◆ DATASET EXCERPTS
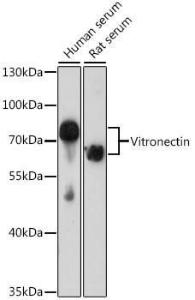 Anti-Vitronectin/S-Protein Antibody (A11468)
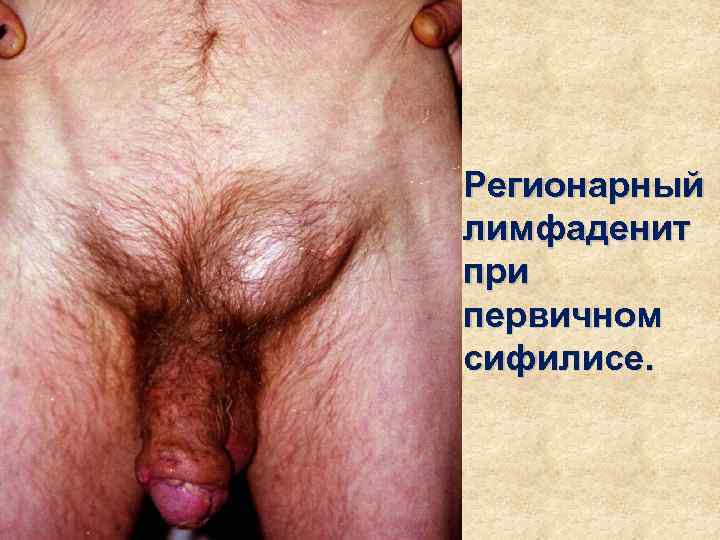 Регионарный лимфаденит при первичном сифилисе. 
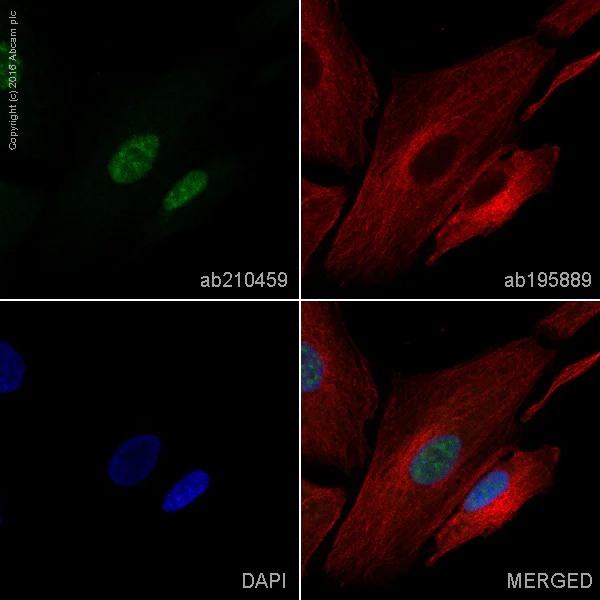 Immunocytochemistry/ Immunofluorescence - Alexa Fluor® 488 Anti-PHOX2B antibody [EPR14423] - C-terminal (AB210459)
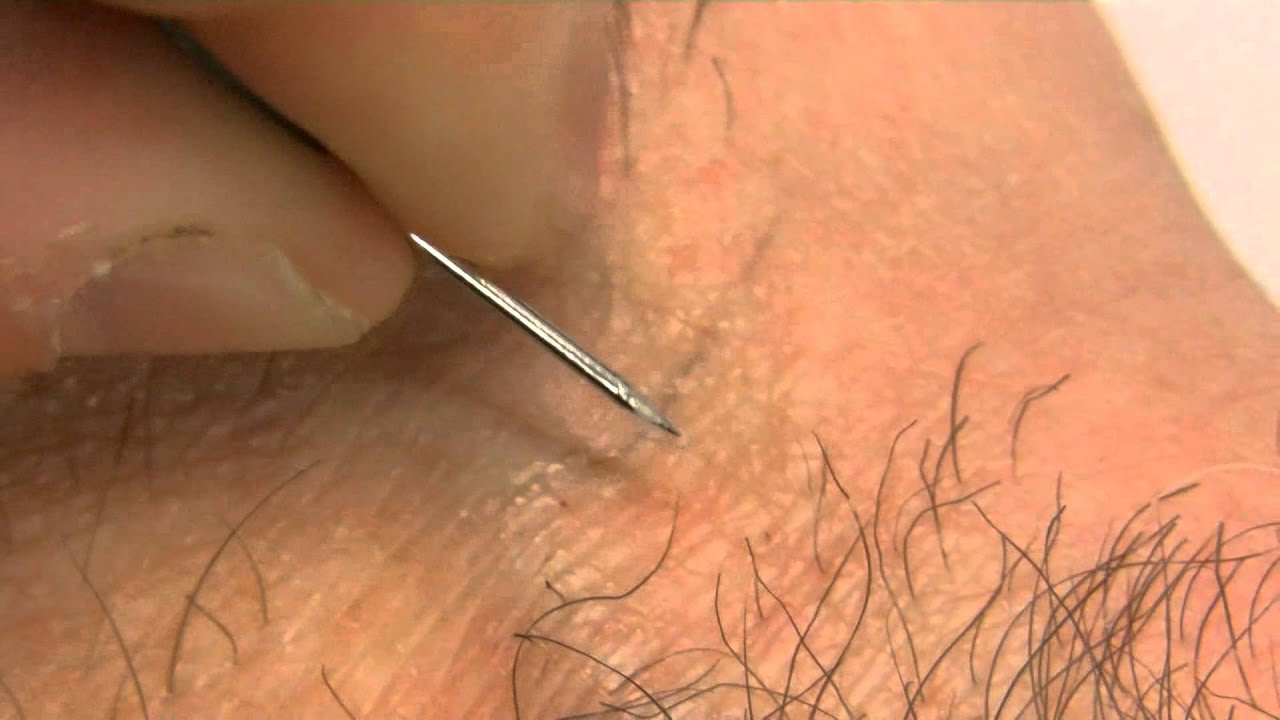 How To Remove An Ingrown Hair Youtube
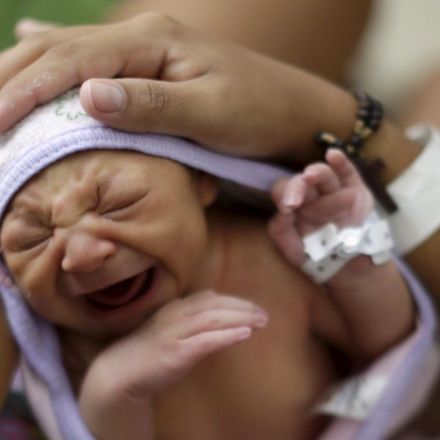 Brain damage in Zika babies is far worse than expected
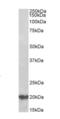 DnaJ Heat Shock Protein Family (Hsp40) Member C5 antibody, orb12269, Biorbyt, Western Blot image 
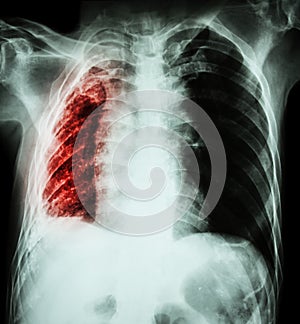 Pulmonary Tuberculosis . Chest X-Ray : Right lung atelectasis and infiltration and effusion due to Mycobacterium Tuberculosis i photo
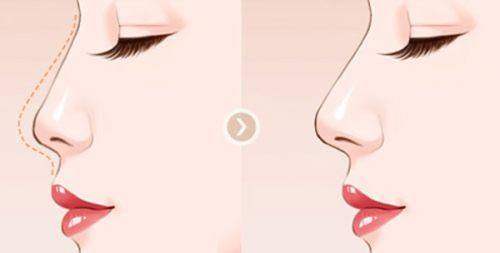 广州军美整形医院陈勇军收费一览表揭秘：双眼皮3800元起，隆鼻5800元起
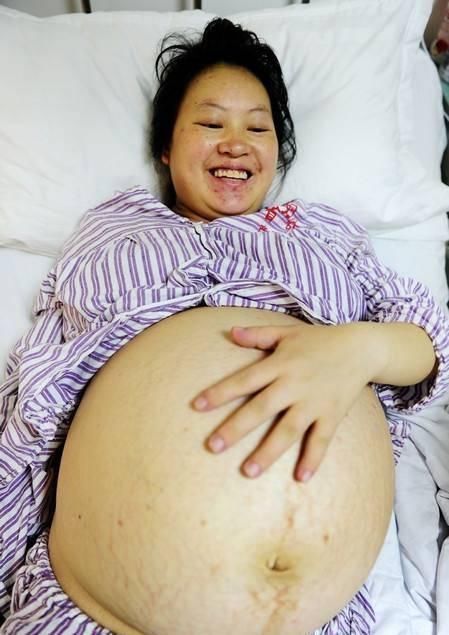 产妇|28岁产妇生下四胞胎,丈夫知道性别后傻了,回家赶紧卖方卖车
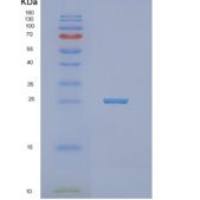 人线粒体-5'-核苷酸酶(NT5M)重组蛋白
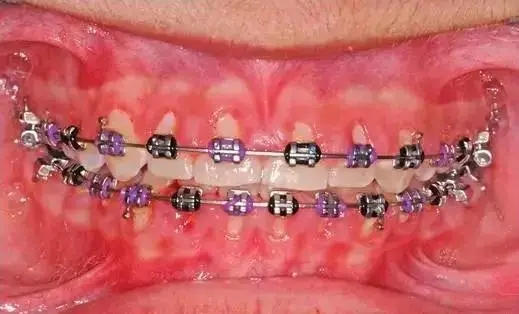 牙周病对正畸的影响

◆ PROBLEM STATEMENT
Reproduce the listing above from the line that contains "广州军美整形医院陈勇军收费一览表揭秘：双眼皮3800元起，隆鼻5800元起" through its final line, exactly and with nothing added. Omit the images.

◆ YOUR RESPONSE
 广州军美整形医院陈勇军收费一览表揭秘：双眼皮3800元起，隆鼻5800元起
 产妇|28岁产妇生下四胞胎,丈夫知道性别后傻了,回家赶紧卖方卖车
 人线粒体-5'-核苷酸酶(NT5M)重组蛋白
 牙周病对正畸的影响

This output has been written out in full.